#23010 closed Bug (fixed)

UnicodeDecodeError in makemessages’ call to os.walk

Reported by: alub Owned by: claudep
Component: Core (Management commands) Version: 1.7-rc-1
Severity: Release blocker Keywords:
Cc: Triage Stage: Ready for checkin
Has patch: yes Needs documentation: no
Needs tests: no Patch needs improvement: no
Easy pickings: no UI/UX: no

Description

In my project, using Python 2.7.8, if I try the following command:

./manage.py makemessages -l en

I get this error:

Traceback (most recent call last):
  File "./manage.py", line 10, in <module>
    execute_from_command_line(sys.argv)
  File "/srv/http/webapp/venv/lib/python2.7/site-packages/Django-1.7c1-py2.7.egg/django/core/management/__init__.py", line 385, in execute_from_command_line
    utility.execute()
  File "/srv/http/webapp/venv/lib/python2.7/site-packages/Django-1.7c1-py2.7.egg/django/core/management/__init__.py", line 377, in execute
    self.fetch_command(subcommand).run_from_argv(self.argv)
  File "/srv/http/webapp/venv/lib/python2.7/site-packages/Django-1.7c1-py2.7.egg/django/core/management/base.py", line 288, in run_from_argv
    self.execute(*args, **options.__dict__)
  File "/srv/http/webapp/venv/lib/python2.7/site-packages/Django-1.7c1-py2.7.egg/django/core/management/base.py", line 337, in execute
    output = self.handle(*args, **options)
  File "/srv/http/webapp/venv/lib/python2.7/site-packages/Django-1.7c1-py2.7.egg/django/core/management/base.py", line 532, in handle
    return self.handle_noargs(**options)
  File "/srv/http/webapp/venv/lib/python2.7/site-packages/Django-1.7c1-py2.7.egg/django/core/management/commands/makemessages.py", line 288, in handle_noargs
    potfiles = self.build_potfiles()
  File "/srv/http/webapp/venv/lib/python2.7/site-packages/Django-1.7c1-py2.7.egg/django/core/management/commands/makemessages.py", line 304, in build_potfiles
    file_list = self.find_files(".")
  File "/srv/http/webapp/venv/lib/python2.7/site-packages/Django-1.7c1-py2.7.egg/django/core/management/commands/makemessages.py", line 355, in find_files
    for dirpath, dirnames, filenames in os.walk(root, topdown=True, followlinks=self.symlinks):
  File "/srv/http/webapp/venv/lib/python2.7/os.py", line 296, in walk
    for x in walk(new_path, topdown, onerror, followlinks):
  File "/srv/http/webapp/venv/lib/python2.7/os.py", line 296, in walk
    for x in walk(new_path, topdown, onerror, followlinks):
  File "/srv/http/webapp/venv/lib/python2.7/os.py", line 296, in walk
    for x in walk(new_path, topdown, onerror, followlinks):
  File "/srv/http/webapp/venv/lib/python2.7/os.py", line 296, in walk
    for x in walk(new_path, topdown, onerror, followlinks):
  File "/srv/http/webapp/venv/lib/python2.7/os.py", line 296, in walk
    for x in walk(new_path, topdown, onerror, followlinks):
  File "/srv/http/webapp/venv/lib/python2.7/os.py", line 296, in walk
    for x in walk(new_path, topdown, onerror, followlinks):
  File "/srv/http/webapp/venv/lib/python2.7/os.py", line 286, in walk
    if isdir(join(top, name)):
  File "/srv/http/webapp/venv/lib/python2.7/posixpath.py", line 80, in join
    path += '/' + b
UnicodeDecodeError: 'ascii' codec can't decode byte 0x96 in position 4: ordinal not in range(128)

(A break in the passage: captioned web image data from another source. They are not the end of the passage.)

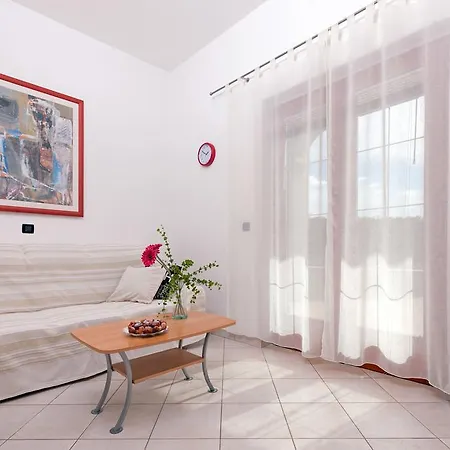 Pinzan Apartment *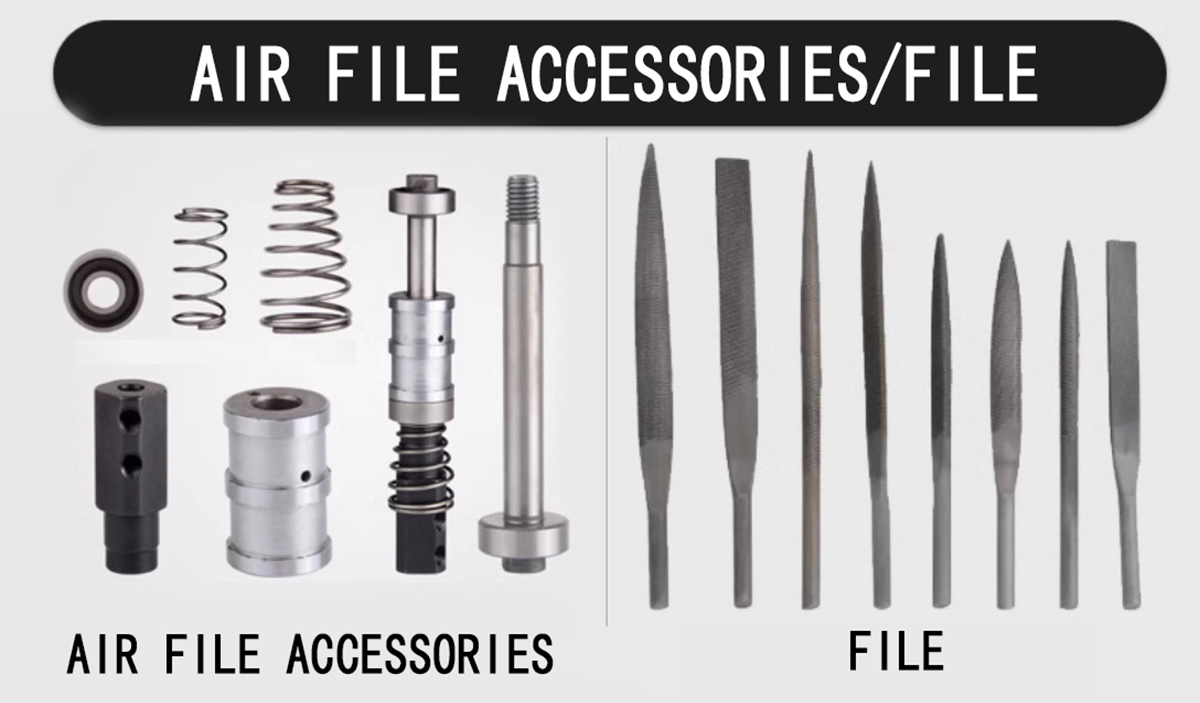 Herramienta de archivo aliment - Power Tools Manufacturers reseña y precio
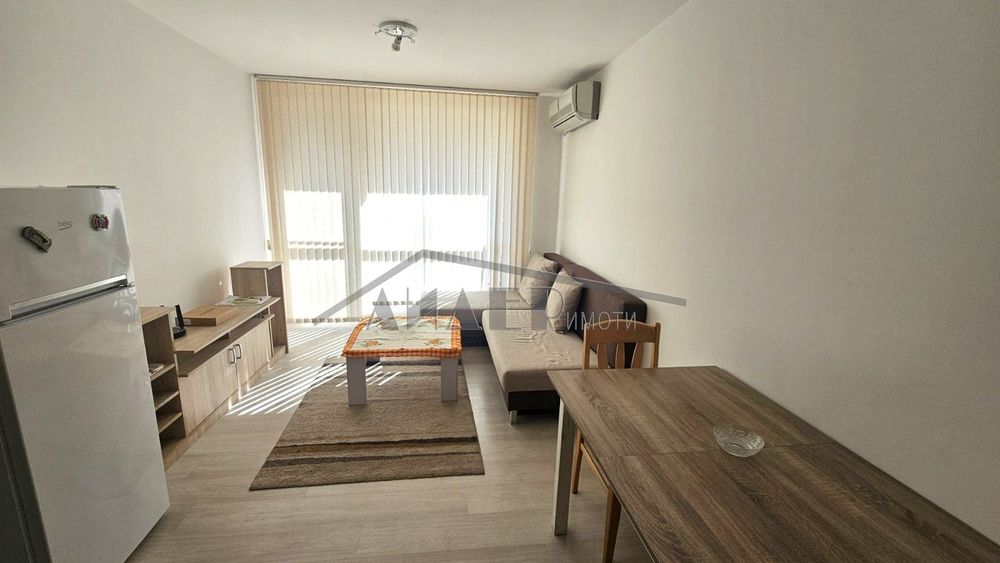 2-стаен до ц. "Св. Иван Рилски"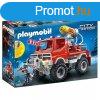 Playmobil Tzolt Unimog 9466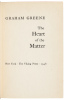 The Heart of the Matter - 2
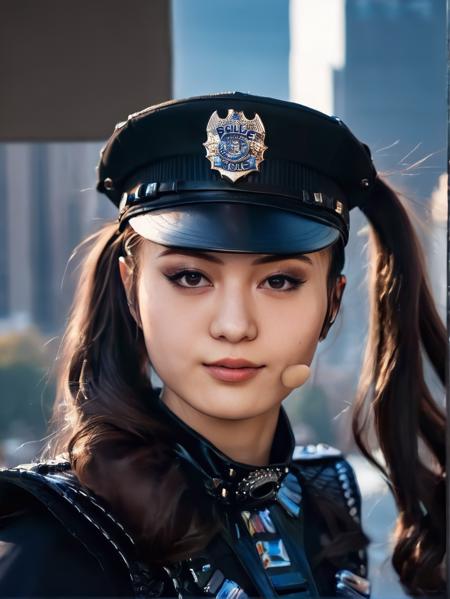 Moa Kikuchi - Baby Metal XL Lora 菊地最愛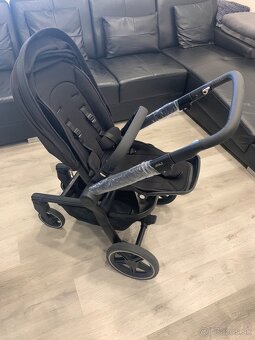 Joolz Hub+ Briliant Black - 6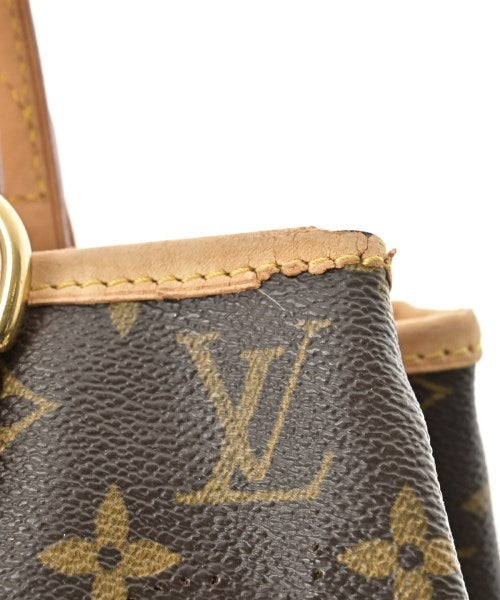 LOUIS VUITTON กระเป๋าถือขนาดใหญ่
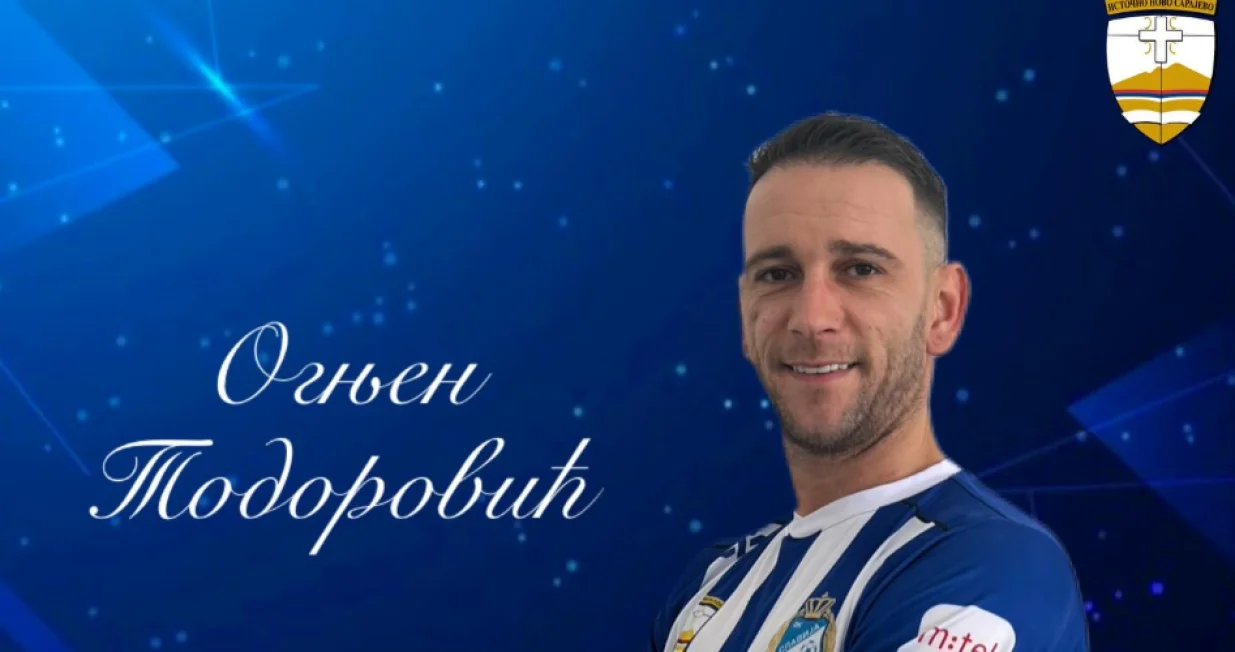 Ognjen Todorović/Foto:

It works in Django 1.6.5, but breaks since 1.7rc1. I think it is related to the commit dbb48d2bb99a5f660cf2d85f137b8d87fc12d99f with the introduction of unicode_literals in this command because of this:

Python 2.7.8 (default, Jul  1 2014, 17:30:21) 
[GCC 4.9.0 20140604 (prerelease)] on linux2
Type "help", "copyright", "credits" or "license" for more information.
>>> import os
>>> _ = list(os.walk('.'))
>>> from __future__ import unicode_literals
>>> _ = list(os.walk('.'))
Traceback (most recent call last):
  File "<stdin>", line 1, in <module>
  File "/srv/http/webapp/venv/lib/python2.7/os.py", line 296, in walk
    for x in walk(new_path, topdown, onerror, followlinks):
  File "/srv/http/webapp/venv/lib/python2.7/os.py", line 296, in walk
    for x in walk(new_path, topdown, onerror, followlinks):
  File "/srv/http/webapp/venv/lib/python2.7/os.py", line 296, in walk
    for x in walk(new_path, topdown, onerror, followlinks):
  File "/srv/http/webapp/venv/lib/python2.7/os.py", line 296, in walk
    for x in walk(new_path, topdown, onerror, followlinks):
  File "/srv/http/webapp/venv/lib/python2.7/os.py", line 296, in walk
    for x in walk(new_path, topdown, onerror, followlinks):
  File "/srv/http/webapp/venv/lib/python2.7/os.py", line 296, in walk
    for x in walk(new_path, topdown, onerror, followlinks):
  File "/srv/http/webapp/venv/lib/python2.7/os.py", line 286, in walk
    if isdir(join(top, name)):
  File "/srv/http/webapp/venv/lib/python2.7/posixpath.py", line 80, in join
    path += '/' + b
UnicodeDecodeError: 'ascii' codec can't decode byte 0x96 in position 4: ordinal not in range(128)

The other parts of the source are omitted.